• _Activity_
Make an exact copy of the listing below. Pictures stay out of it.

• _Records_
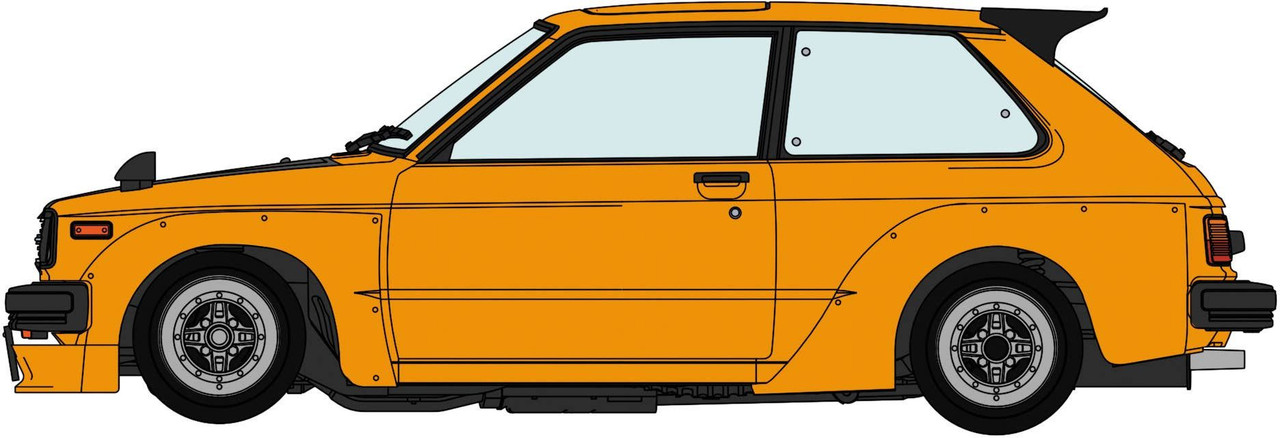 1/24 Toyota Starlet KP61 S (3-Door) Mid-Model (1980) Custom
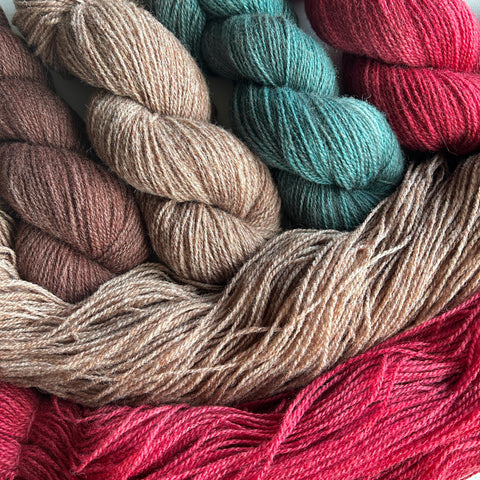 100g NSW Shetland Yarn Skeins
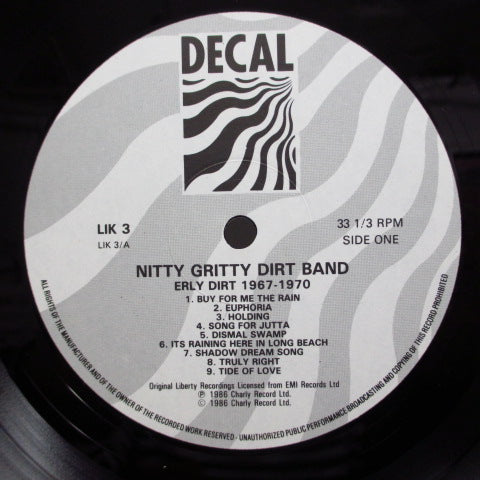 NITTY GRITTY DIRT BAND - Early Dirt 1967-1970 (UK Comp.)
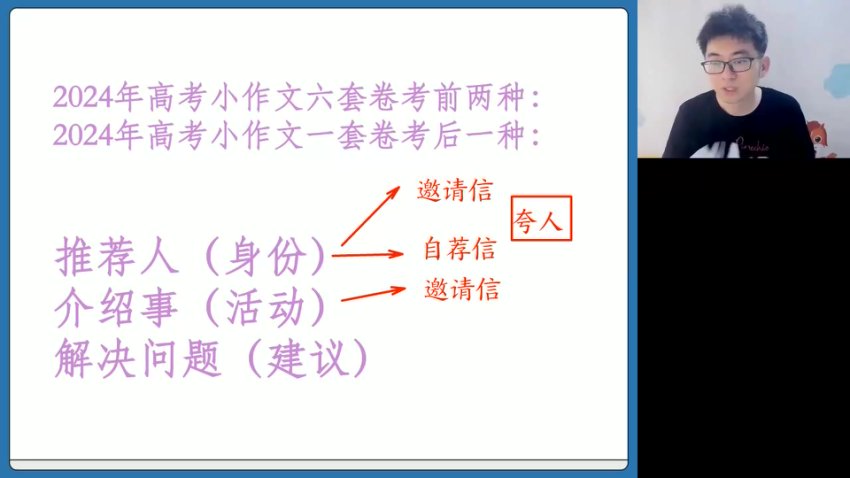 2024高三英语王双林高考冲刺班：语法+阅读+写作全攻略
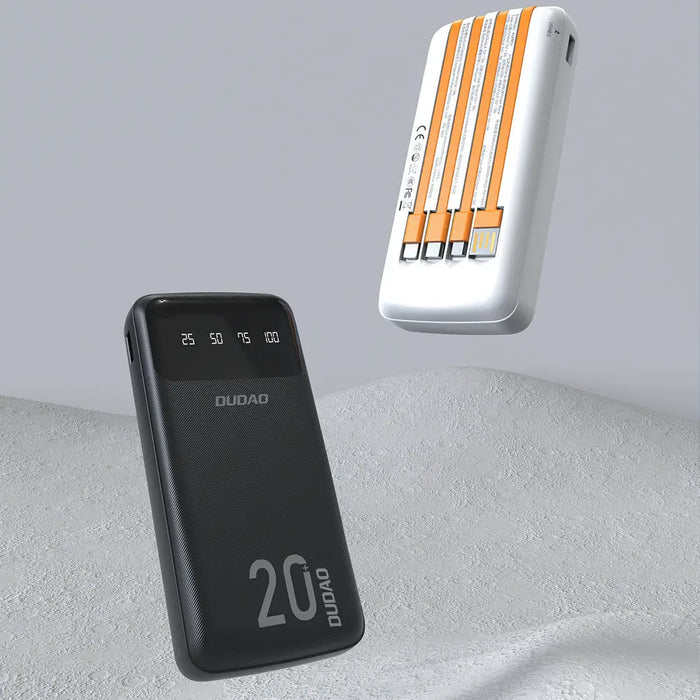 Dudao просторен Преносима батерия Powerbank с 3 вградени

• _Solution_
 1/24 Toyota Starlet KP61 S (3-Door) Mid-Model (1980) Custom
 100g NSW Shetland Yarn Skeins
 NITTY GRITTY DIRT BAND - Early Dirt 1967-1970 (UK Comp.)
 2024高三英语王双林高考冲刺班：语法+阅读+写作全攻略
 Dudao просторен Преносима батерия Powerbank с 3 вградени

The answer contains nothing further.